Let me get straight to the nub of what concerns us here today. We have carefully considered one of the Delegated Powers and Law Reform Committee’s key suggestions, which was that the Scottish devolved public bodies that will disclose data to improve public service delivery, reduce fraud and tackle debt be named in the bill. However, we do not support that recommendation. We oppose it precisely because we wish to protect this Parliament’s role in scrutinising proposals for data sharing. For that reason, we have asked the UK Government not to table amendments that would name devolved Scottish public bodies in the bill.

However, there are occasions on which co-operation through sharing of data is necessary. Let me give two examples. First, with regard to supporting prisoners on release, the bill would allow Scottish ministers to put before this Parliament regulations to allow the Scottish Prison Service to share with the Department for Work and Pensions a specific and limited set of data that would allow for a benefits package to be in place on an individual’s release from prison, which would help with their on-going rehabilitation and contribute to the wellbeing of their families. That is a good thing.

A second example concerns tackling fraud. Regulations under the bill’s fraud provisions could allow Revenue Scotland to share specific data with other Government departments to help to reduce tax avoidance and evasion, and to help to maintain the tax revenue that is available to support Scotland’s public services. I submit that that, too, is a good thing.

Any such arrangements must be clear, codified and subject to safeguards around individual privacy. In any such data-sharing proposals, ministers will need to state clearly who would be able to share data and for what purposes. To summarise the point: in debt, in fraud and in public service delivery matters—those points have been quite fairly raised by Mike Rumbles—ministers must bring to Parliament a statutory instrument that will require to be considered under affirmative procedure. This Parliament must, should and will be consulted and shall decide on any proposed usage of the powers on said matters.

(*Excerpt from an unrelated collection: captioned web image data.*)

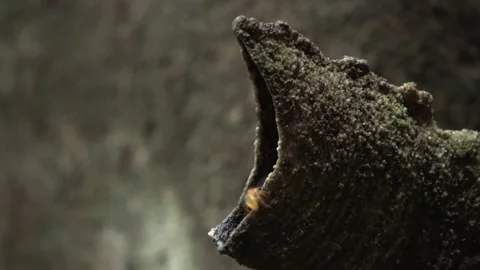 Stingless bees, Malaysia Stock Footage 140835694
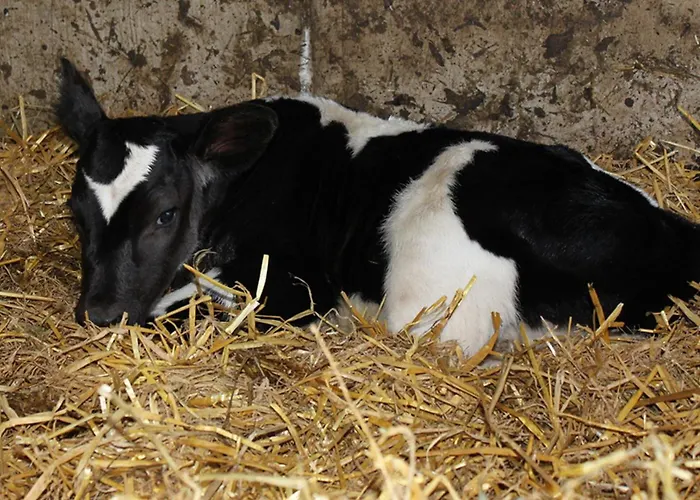 Hof Reckermann I Linden (Uelzen)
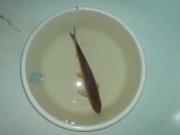 DSC00090.JPG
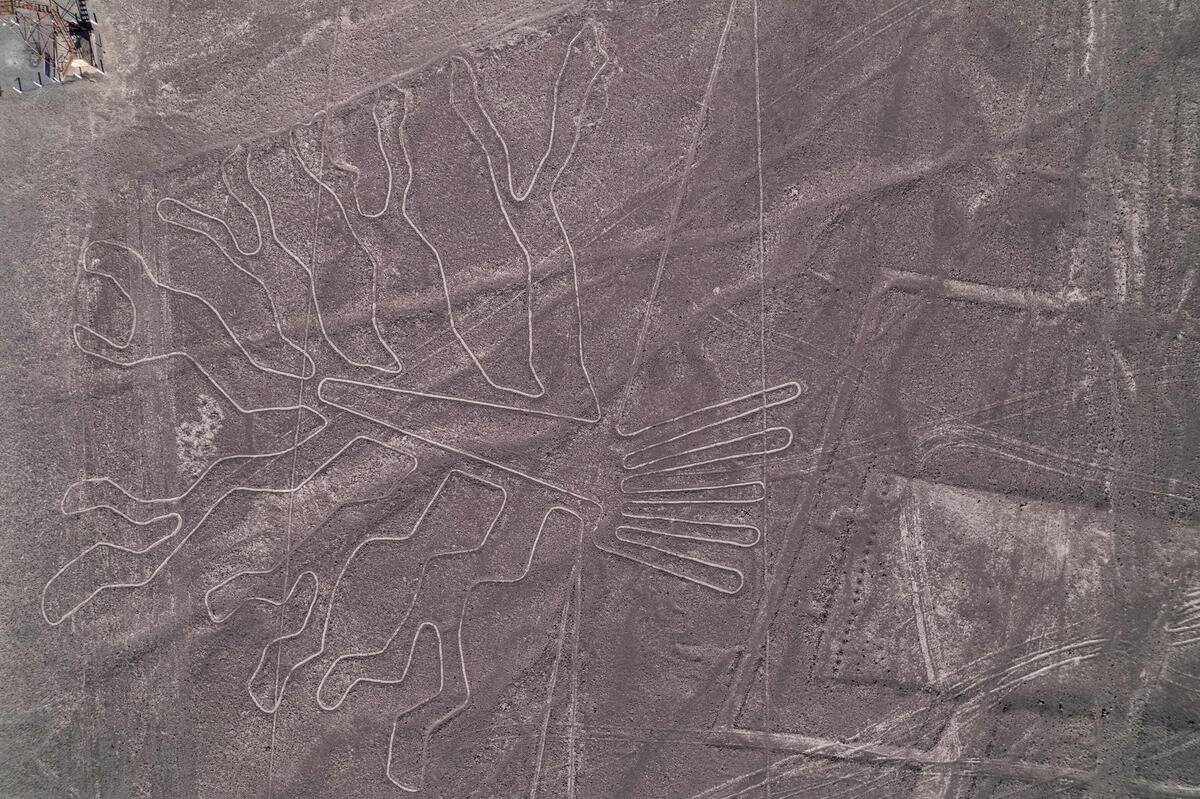 TOPSHOT-PERU-ARCHAEOLOGY-NAZCA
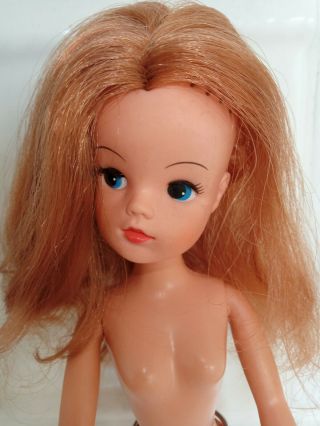 Vintage Pedigree Sindy Doll 033055x Auburn/red Hair Basic Body Twist/turn Waist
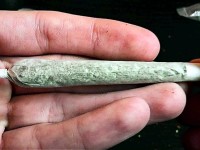 Откриха марихуана у двама при проверка на плевенска улица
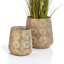 Indoor Planters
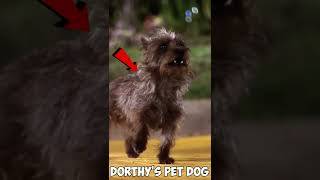 The Wizard Of Oz Has A Dark Secret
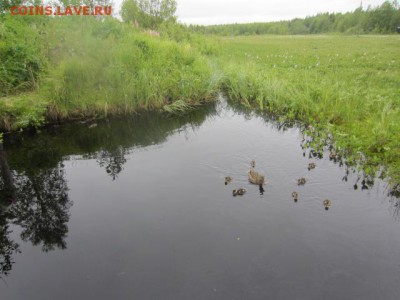 делает - прямо сейчас !!! - IMG_6232.JPG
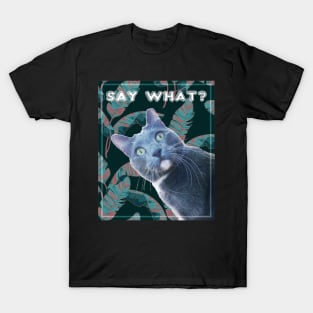 Say What? Surprised Cat T-Shirt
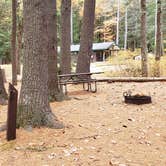 Review photo of Bear Brook State Park Campground by Jean C., November 1, 2019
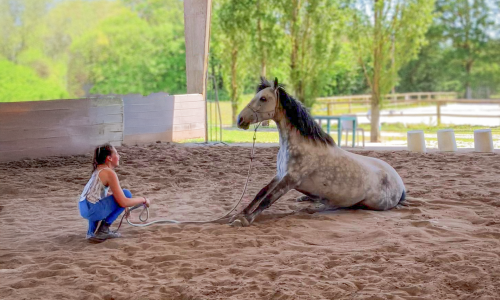 CCIEE (Initier à l’Équitation Éthologique)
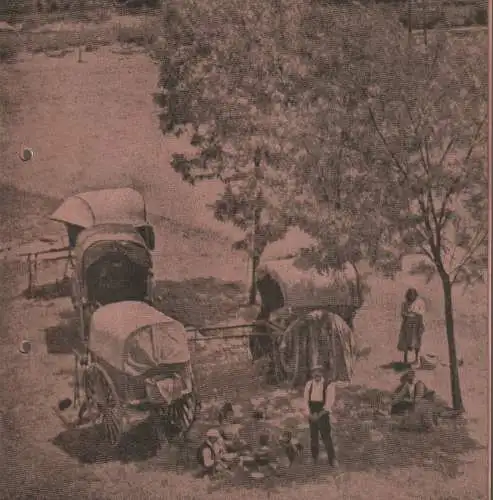 Württembergische Staatstheater Stuttgart, Hellmuth Karasek, Hanns Rückle, Eberhart Uebe, Gerd Richter: Programmheft Johann Strauss DER ZIGEUNERBARON 30. September 1965 Großes Haus. 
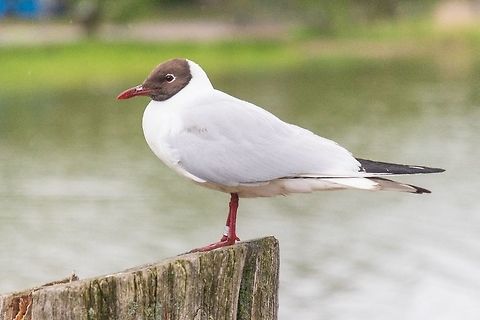 Black-headed gull - Scientific name: Chroicocephalus ridibundus Black-headed gull - Scientific name: Chroicocephalus ridibundus Black-headed gull,Chroicocephalus ridibundus,Finland,Geotagged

I am not sure whether being accused of being benign as a minister is a compliment or an insult, but I accept it in the spirit in which it was intended. Having undergone an extensive process, we are satisfied that the provisions of the bill, as amended, as they relate to devolved matters, are appropriate.

On a point of order, Presiding Officer.

I ask the Presiding Officer to confirm something, please. From what the minister has just said, it seems that, although the minister has requested that the UK Government pay attention to what is being said, if Parliament passes the legislative consent motion tonight, that would give Westminster carte blanche. Is that correct?

That is not a point of order—the member is asking for clarification. He is well able to put that question to the minister; it is not for me to adjudicate on such matters.

The question on the motion will be put at decision time.